INSTRUCTIONS TO FOLLOW:
Transcribe all the material exactly. Leave every line as it is.
DATA SUPPLIED Block Start
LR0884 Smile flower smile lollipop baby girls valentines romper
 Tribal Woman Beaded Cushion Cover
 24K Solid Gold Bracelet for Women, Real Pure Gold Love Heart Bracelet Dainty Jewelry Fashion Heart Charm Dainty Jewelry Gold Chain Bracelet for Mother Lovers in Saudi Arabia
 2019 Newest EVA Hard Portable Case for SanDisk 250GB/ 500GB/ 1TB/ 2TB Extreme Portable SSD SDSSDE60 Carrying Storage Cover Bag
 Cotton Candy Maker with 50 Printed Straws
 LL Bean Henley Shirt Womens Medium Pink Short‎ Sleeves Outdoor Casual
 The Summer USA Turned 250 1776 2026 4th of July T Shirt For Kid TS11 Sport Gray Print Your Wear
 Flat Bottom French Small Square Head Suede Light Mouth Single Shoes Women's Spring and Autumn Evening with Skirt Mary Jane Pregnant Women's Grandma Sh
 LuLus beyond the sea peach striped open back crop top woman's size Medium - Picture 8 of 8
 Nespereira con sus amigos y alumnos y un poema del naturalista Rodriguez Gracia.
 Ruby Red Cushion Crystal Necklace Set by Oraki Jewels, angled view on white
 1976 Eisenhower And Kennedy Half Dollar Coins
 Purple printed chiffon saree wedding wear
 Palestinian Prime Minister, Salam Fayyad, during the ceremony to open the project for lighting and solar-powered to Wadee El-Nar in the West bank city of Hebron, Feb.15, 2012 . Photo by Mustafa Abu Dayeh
DATA SUPPLIED Block End
PROBLEM SOLUTION:
LR0884 Smile flower smile lollipop baby girls valentines romper
 Tribal Woman Beaded Cushion Cover
 24K Solid Gold Bracelet for Women, Real Pure Gold Love Heart Bracelet Dainty Jewelry Fashion Heart Charm Dainty Jewelry Gold Chain Bracelet for Mother Lovers in Saudi Arabia
 2019 Newest EVA Hard Portable Case for SanDisk 250GB/ 500GB/ 1TB/ 2TB Extreme Portable SSD SDSSDE60 Carrying Storage Cover Bag
 Cotton Candy Maker with 50 Printed Straws
 LL Bean Henley Shirt Womens Medium Pink Short‎ Sleeves Outdoor Casual
 The Summer USA Turned 250 1776 2026 4th of July T Shirt For Kid TS11 Sport Gray Print Your Wear
 Flat Bottom French Small Square Head Suede Light Mouth Single Shoes Women's Spring and Autumn Evening with Skirt Mary Jane Pregnant Women's Grandma Sh
 LuLus beyond the sea peach striped open back crop top woman's size Medium - Picture 8 of 8
 Nespereira con sus amigos y alumnos y un poema del naturalista Rodriguez Gracia.
 Ruby Red Cushion Crystal Necklace Set by Oraki Jewels, angled view on white
 1976 Eisenhower And Kennedy Half Dollar Coins
 Purple printed chiffon saree wedding wear
 Palestinian Prime Minister, Salam Fayyad, during the ceremony to open the project for lighting and solar-powered to Wadee El-Nar in the West bank city of Hebron, Feb.15, 2012 . Photo by Mustafa Abu Dayeh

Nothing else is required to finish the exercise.